Quem também trouxe uma mistura foi a Bodebrown com a sua Blend of Ales. Ela mistura 45% de Wee Heavy, 45% de Monfort Rye IPA e 10% de Imperial Stout. A cerveja também ficou agradável, misturando caramelo e maltes torrados com o frescor do lúpulo.

Frutas

Fruit Beers também têm sua vez. Com tantas novidades, foi difícil provar mais desse estilo no primeiro dia. Mesmo assim, consegui duas: Cupulate Porter, parceria ente Amazon Beer, Bodebrown e De Bora; e Weird Barrel Bad Luck, uma Pale Ale com morango, framboesa, amora e pitanga.

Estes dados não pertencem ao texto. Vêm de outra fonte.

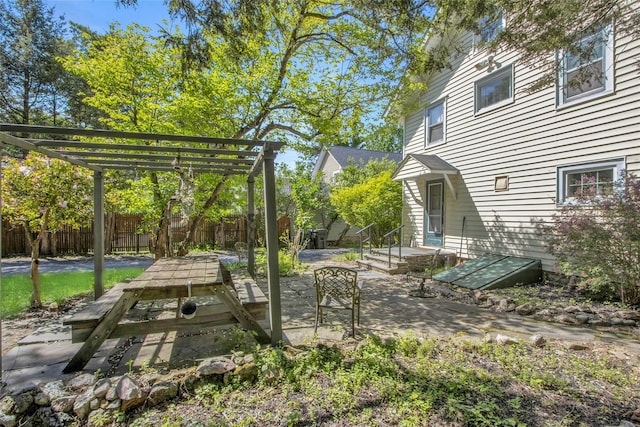 59 E Main St, Washingtonville, NY 10992 - view of yard featuring fence, a pergola, and a patio area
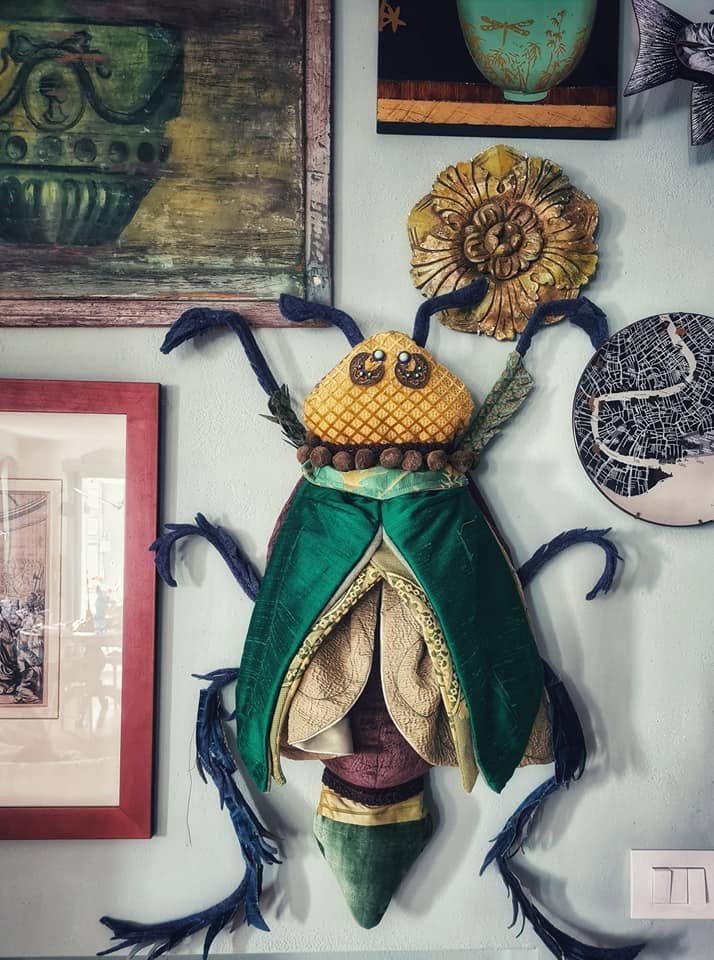 Decorazione murale artista in forma di insetto con corpo verde, testa gialla con occhi e bocca, zampette blu, e dettagli floreali e ceramici sul muro.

A primeira apresenta algo semelhante ao Cacau no aroma e sabor, no entanto mais torrado - não tenho a referência do Cupulate por nunca ter provado isso! E agradável, principalmente quando misturado a uma ótima cerveja base, que é uma Porter complexa e bem feita, com maltes tostados e torrados. Uma cerveja rica em aromas e sabores. Bem interessante.

A segunda é uma Fruit Beet para refrescar, com frutado leve e fresco, lembrando frutas vermelhas e principalmente pitanga, leve acidez e bem seca no final do gole, aumentando ainda mais a sensação de refrescância. Uma cerveja, como diz Rafael Moschetta, um dos sócios da cervejaria, para o calor de Ribeirão Preto.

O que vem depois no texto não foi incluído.